WORK REQUEST.
Omit the images, then print each record below exactly as it reads.

───── SOURCE DATA ─────

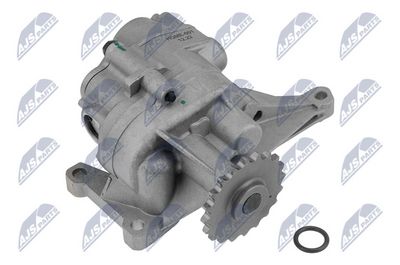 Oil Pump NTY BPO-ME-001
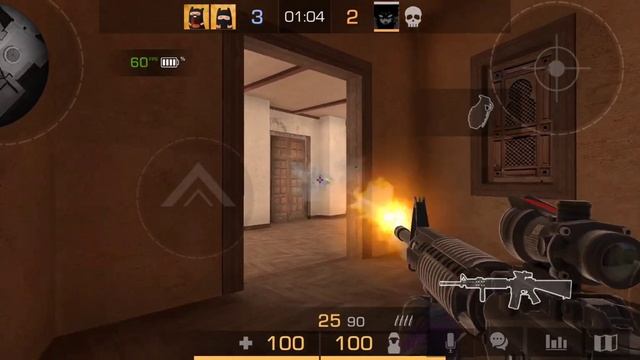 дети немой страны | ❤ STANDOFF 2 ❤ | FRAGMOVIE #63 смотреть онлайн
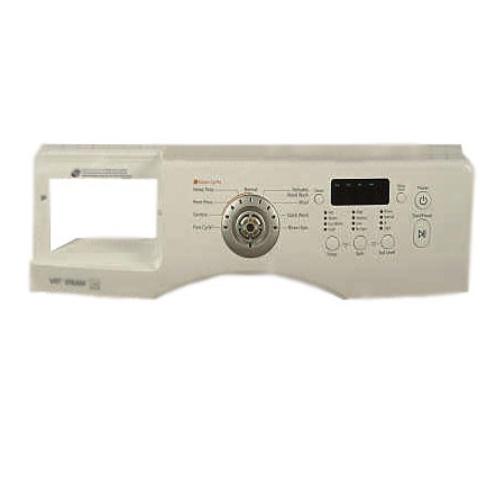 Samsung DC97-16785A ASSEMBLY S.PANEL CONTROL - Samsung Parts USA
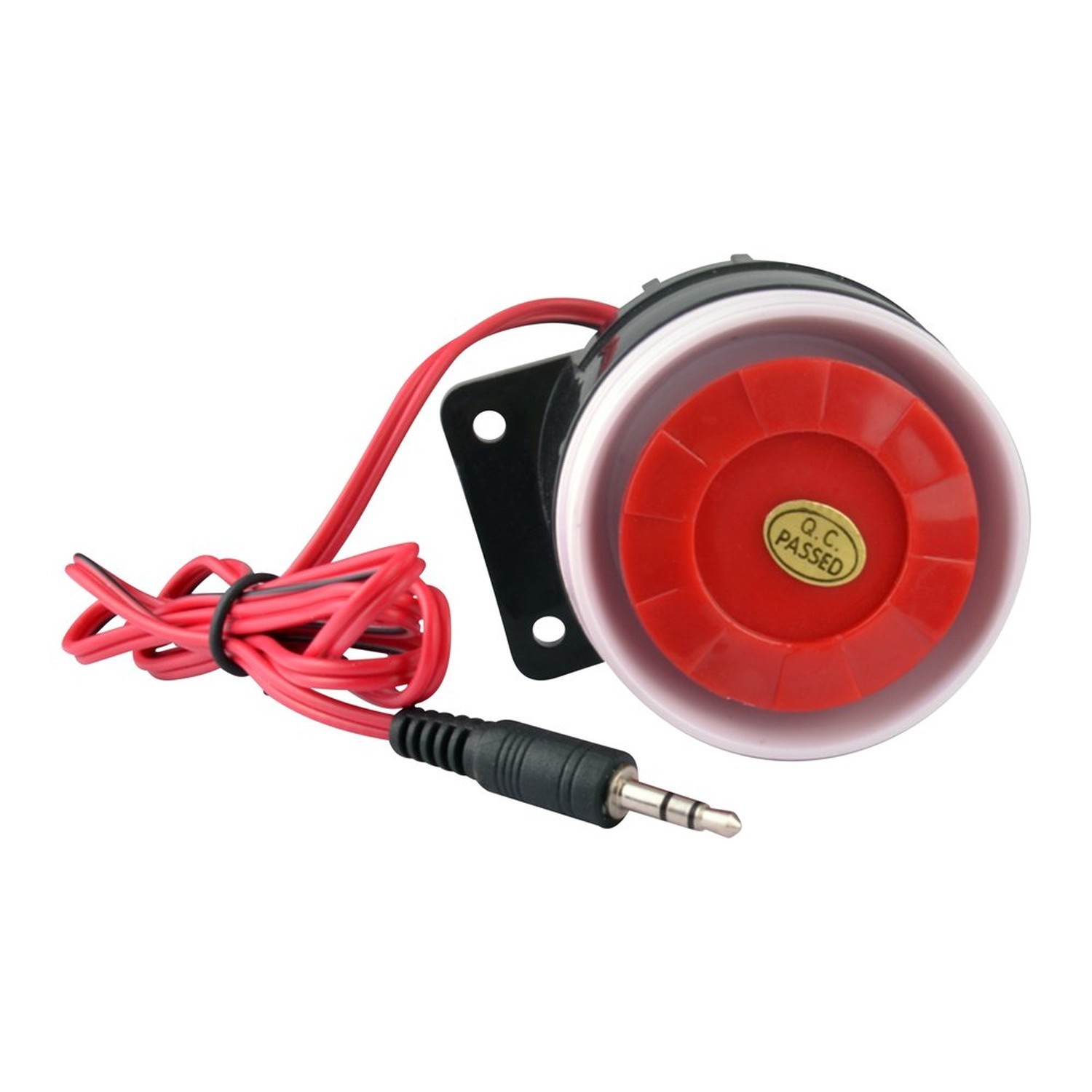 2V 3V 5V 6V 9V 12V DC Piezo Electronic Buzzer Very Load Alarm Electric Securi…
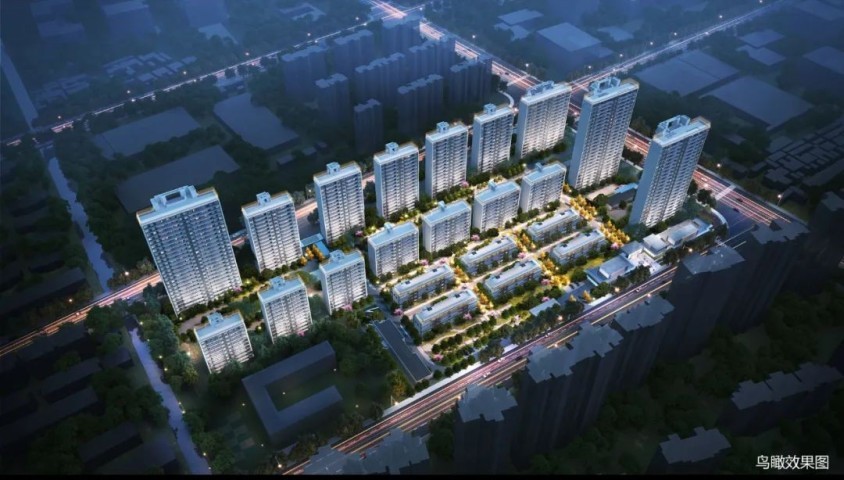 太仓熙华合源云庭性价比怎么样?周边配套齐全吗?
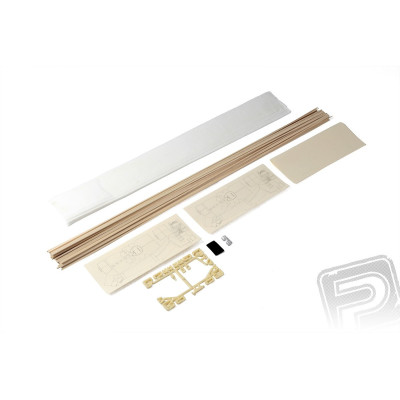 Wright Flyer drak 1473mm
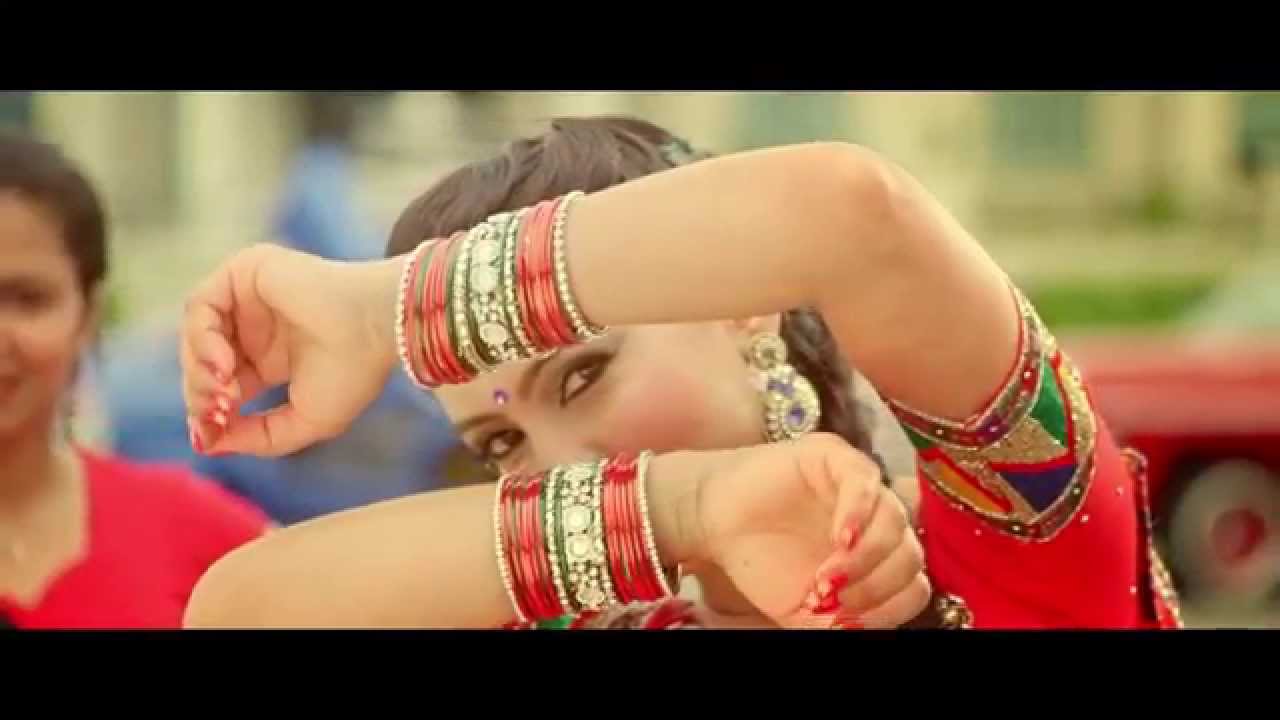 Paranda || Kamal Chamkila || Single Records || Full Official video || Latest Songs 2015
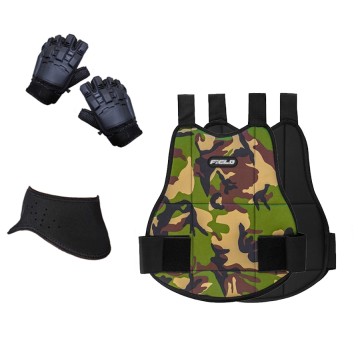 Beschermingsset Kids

─────

EXPECTED ANSWER.
 Oil Pump NTY BPO-ME-001
 дети немой страны | ❤ STANDOFF 2 ❤ | FRAGMOVIE #63 смотреть онлайн
 Samsung DC97-16785A ASSEMBLY S.PANEL CONTROL - Samsung Parts USA
 2V 3V 5V 6V 9V 12V DC Piezo Electronic Buzzer Very Load Alarm Electric Securi…
 太仓熙华合源云庭性价比怎么样?周边配套齐全吗?
 Wright Flyer drak 1473mm
 Paranda || Kamal Chamkila || Single Records || Full Official video || Latest Songs 2015
 Beschermingsset Kids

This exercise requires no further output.